== TO DO ==
Below are lines of records; copy exactly those from the one containing "Urban Shag Dusty" through the one containing "basket bag with lace ribbon lf3039", leaving the pictures behind.

== DATA FOR REVIEW ==
++++++++

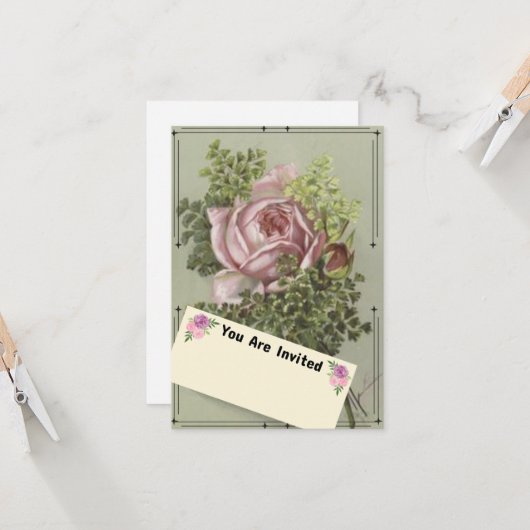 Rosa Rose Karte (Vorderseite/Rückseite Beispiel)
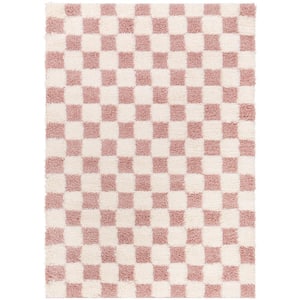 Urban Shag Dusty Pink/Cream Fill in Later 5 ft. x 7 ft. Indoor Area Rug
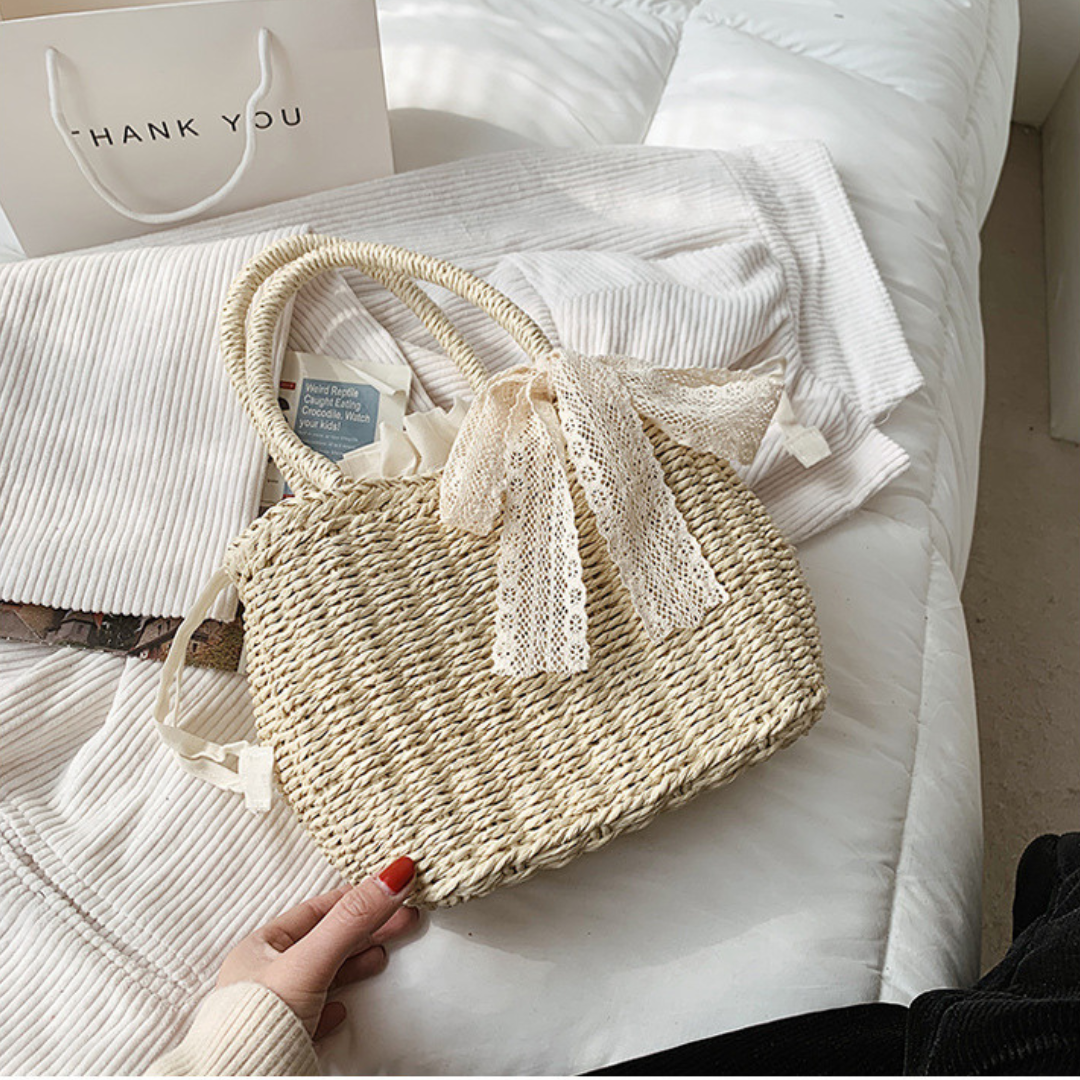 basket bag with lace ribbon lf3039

++++++++

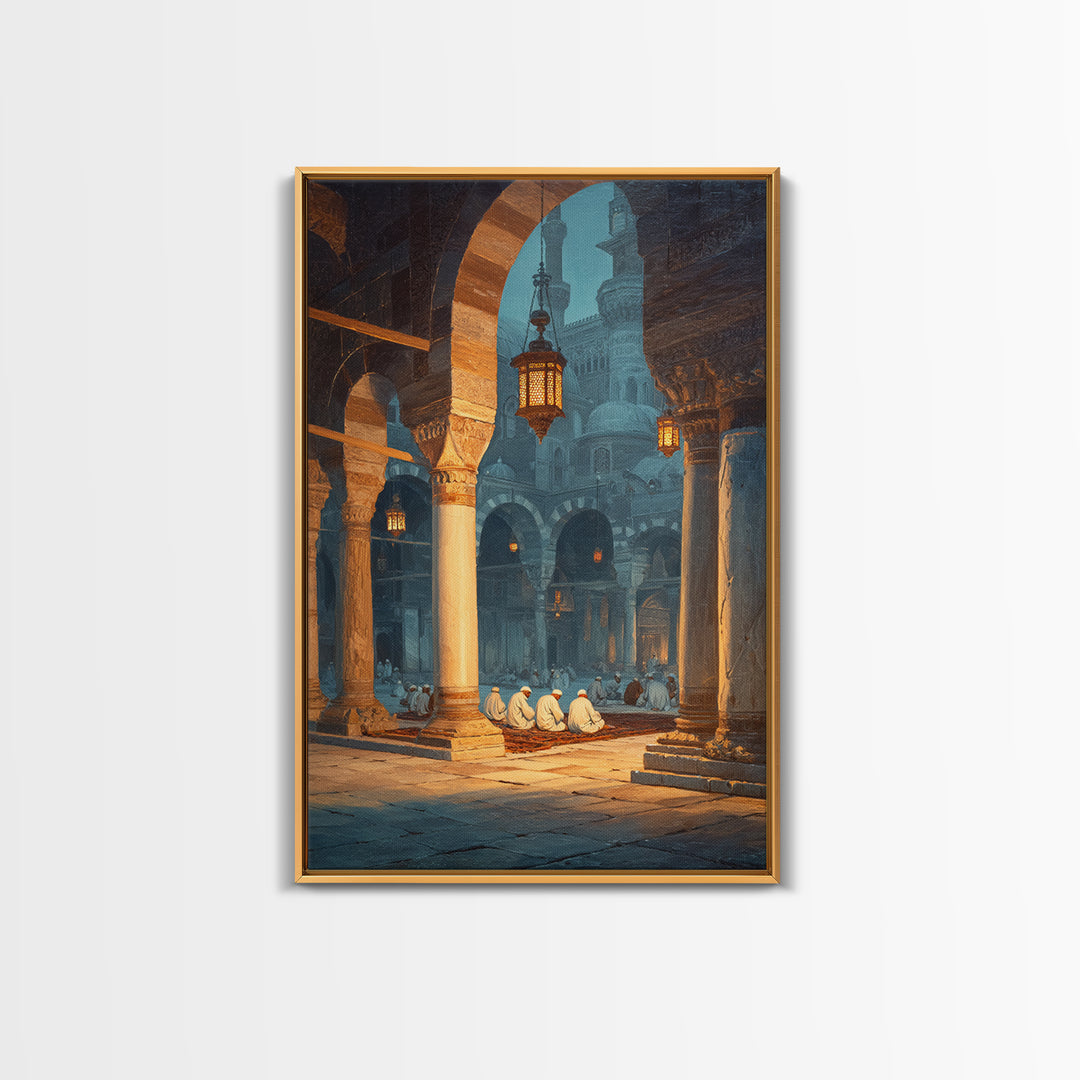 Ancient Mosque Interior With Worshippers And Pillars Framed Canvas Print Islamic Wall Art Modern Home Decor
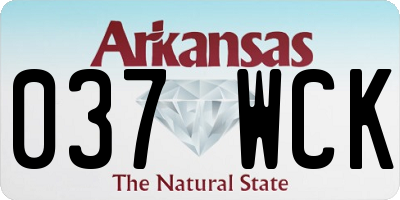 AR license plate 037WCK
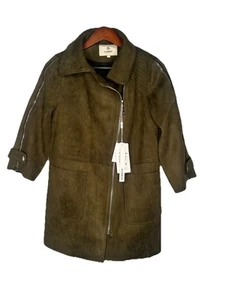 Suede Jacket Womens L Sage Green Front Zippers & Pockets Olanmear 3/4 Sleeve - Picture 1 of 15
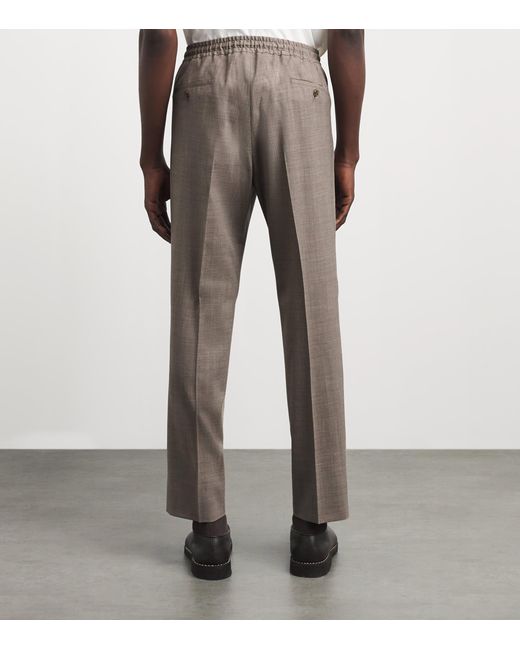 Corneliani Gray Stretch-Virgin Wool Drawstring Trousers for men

++++++++

== YOUR SOLUTION ==
 Urban Shag Dusty Pink/Cream Fill in Later 5 ft. x 7 ft. Indoor Area Rug
 basket bag with lace ribbon lf3039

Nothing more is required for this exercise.